Intel has also published a technical paper detailing their new AVX10, enabling both Intel's performance (P) and efficiency (E) cores to support the converged AVX10/256-bit instruction set going forward. This means that Intel's future generation of hybrid desktop, server, and workstation chips will be able to support multiple AVX vectors, including 128, 256, and 512-bit vector sizes throughout the entirety of the cores holistically.

Intel Advanced Performance Extensions (APX): Going Beyond AVX and AMX

Intel has published details surrounding its new Advanced Performance Extensions, or APX for short. The idea behind APX is to allow access to more registers and improve overall general-purpose performance. They are designed to provide better efficiency when using x86-based instruction sets, allowing access to more registers. New features such as doubling the general-purpose registers from 16 to 32 enable compilers to keep more values within the registers, with Intel claiming 10% fewer loads and 20% fewer stores when the code is compiled for APX versus the same code for x86-64 using Intel 64; this is Intel's 64-bit compatibility mode for x86 instruction sets.

The idea behind doubling the number of GPRs from 16 with x86-64 to the 32 GPRs available with the Intel APX is that more data can be held close by, avoiding the need to read and write further into the different levels of cache and memory. Having more GPR also means that it should theoretically require less access to slower areas, such as DRAM, which takes longer and uses more power.

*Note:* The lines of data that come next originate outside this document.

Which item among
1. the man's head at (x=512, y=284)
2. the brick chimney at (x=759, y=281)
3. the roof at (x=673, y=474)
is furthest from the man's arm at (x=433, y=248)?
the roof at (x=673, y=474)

Despite effectively abandoning its MPX (Memory Protection Extensions), the Intel APX can effectively use the existing area set aside for MPX for what it calls XSAVE. Touching more on XSAVE, Intel's APX general purpose registers (GPRs) are XSAVE-enabled, which means they can automatically be saved and restored by XSAVE and XRSTOR sequences during context switches. Intel also states by default that these don't change the size or layout, which means they can take up the same space left behind for the now-defunct Intel MPX registers.

Another essential feature of Intel's APX is its support for three-operand instruction formats, a subset of the x86 instruction set specifying the data being operated on. APX introduces new instructions optimized for predicted loads, including a novel 64-bit absolute jump instruction. Compared to older examples that used EVEX, a 4-byte extension to VEX, APX transforms single register operands into three, effectively reducing the need for additional register move instructions. As a result, APX compiled code achieves a claimed 10% increase in efficiency, requiring 10% fewer instructions than previous ISAs.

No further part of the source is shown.